Chapter Thirty.

A Strange Awakening.

There is not much room in a bird’s head for brains; but it has plenty of thinking power all the same, and one of the first things a bird thinks out is when he is safe or when he is in danger. As a consequence of this, we have at the present day quite a colony of that shyest of wild birds, the one which will puzzle the owner of a gun to get within range—the wood-pigeon, calmly settled down in Saint James’s Park, and feeding upon the grass, not many yards away from the thousands of busy or loitering Londoners going to and fro across the enclosure, which the birds have found out is sacred to bird-dom, a place where no gun is ever fired save on festival days, and though the guns then are big and manipulated by artillerymen, the charges fired are only blank.

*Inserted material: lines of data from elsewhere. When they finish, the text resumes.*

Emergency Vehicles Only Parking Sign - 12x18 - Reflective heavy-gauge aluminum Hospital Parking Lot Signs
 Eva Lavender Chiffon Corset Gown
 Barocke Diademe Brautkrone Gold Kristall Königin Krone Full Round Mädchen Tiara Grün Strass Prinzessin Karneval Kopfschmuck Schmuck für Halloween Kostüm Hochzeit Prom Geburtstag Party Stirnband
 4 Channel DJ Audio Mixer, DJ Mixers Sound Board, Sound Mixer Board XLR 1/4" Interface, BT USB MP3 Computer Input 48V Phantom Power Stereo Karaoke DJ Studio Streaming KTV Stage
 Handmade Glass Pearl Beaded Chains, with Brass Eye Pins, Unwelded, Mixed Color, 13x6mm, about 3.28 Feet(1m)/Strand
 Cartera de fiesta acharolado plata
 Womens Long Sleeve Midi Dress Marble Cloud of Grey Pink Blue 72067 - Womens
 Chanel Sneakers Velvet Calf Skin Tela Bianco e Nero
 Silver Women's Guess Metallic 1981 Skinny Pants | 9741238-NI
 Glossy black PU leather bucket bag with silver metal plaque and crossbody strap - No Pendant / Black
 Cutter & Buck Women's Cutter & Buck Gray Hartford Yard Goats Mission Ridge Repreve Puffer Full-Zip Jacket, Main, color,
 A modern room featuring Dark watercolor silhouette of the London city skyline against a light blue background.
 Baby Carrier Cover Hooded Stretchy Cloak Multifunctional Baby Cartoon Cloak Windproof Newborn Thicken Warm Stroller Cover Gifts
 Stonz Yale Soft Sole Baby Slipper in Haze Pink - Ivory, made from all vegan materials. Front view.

But Saint James’s Park from its earliest enclosure was always a place for birds—even the name survives on one side of the walk devoted by Charles the Second to his birdcages, where choice specimens were kept; so that a hundred and eighty years ago, when the country was much closer to the old Palace than it is now, there was nothing surprising in the chink, chink of the blackbird and the loud musical song of thrush and lark awakening a sleeper there somewhere about sunrise. And to a boy who loved the country sights and sounds, and whose happiest days had been spent in sunny Hampshire, it was very pleasant to lie there in a half-roused, half-dreamy state listening to the bird notes floating in upon the cool air through an open window, even if the lark’s note did come from a cage whose occupant fluttered its wings and pretended to fly as it gazed upward from where it rested upon a freshly cut turf.

The sweet notes set Frank Gowan thinking of the broad marshy fields down by the river, bordered with sedge, reed, and butter-bur, where the clear waters raced along, and the trout could be seen waiting for the breakfast swept down by the stream—where the marsh marigolds studded the banks with their golden chalices, the purple loosestrife grew in brilliant beds of colour, and the creamy meadow-sweet perfumed the morning air. Far more delightful to him than any palace, more musical than the choicest military band, it all sent a restful sense of joy through his frame, the more invigorating that the window was wide, and the odour of the burned-down candles had passed away.

He lay imbibing the sweet sounds and freshness through ear and nostril; but for a time his eyes remained fast closed. Then, at a loud thrilling burst from the lark’s cage in the courtyard, both eyes opened, and he lay staring up at the whitewashed ceiling, covered with cracks, and looking like the map of Nowhere in Wonderland. For the lark sang very sweetly to charm the wished-for mate, which never came, and Frank smiled and gradually lowered his eyes so that they were fixed upon the uncurtained window till the lark finished its lay.

Then, and then only, did he begin to think in the way a boy muses when his senses grow more and more awake. First of all he began to wonder why it was that the window was wide-open—not that it mattered, for the air was very cool and sweet; then why it was his bedroom looked so strange; then why it was that the blanket was close up to his face without the sheet; and, lastly, he sat up feeling that horrible sense of depression which comes over us like a cloud when there has been trouble on the previous day—trouble which has been forgotten.

For a moment or two he felt that he must be dreaming. But no, he was dressed, this was Captain Murray’s room, there was the door open leading into the chamber where Andrew Forbes lay, and yes— Then it all came with crushing force—he lay wounded after that mad attempt to escape, while the friend who had offered to sit with him and watch had calmly lain down and gone to sleep.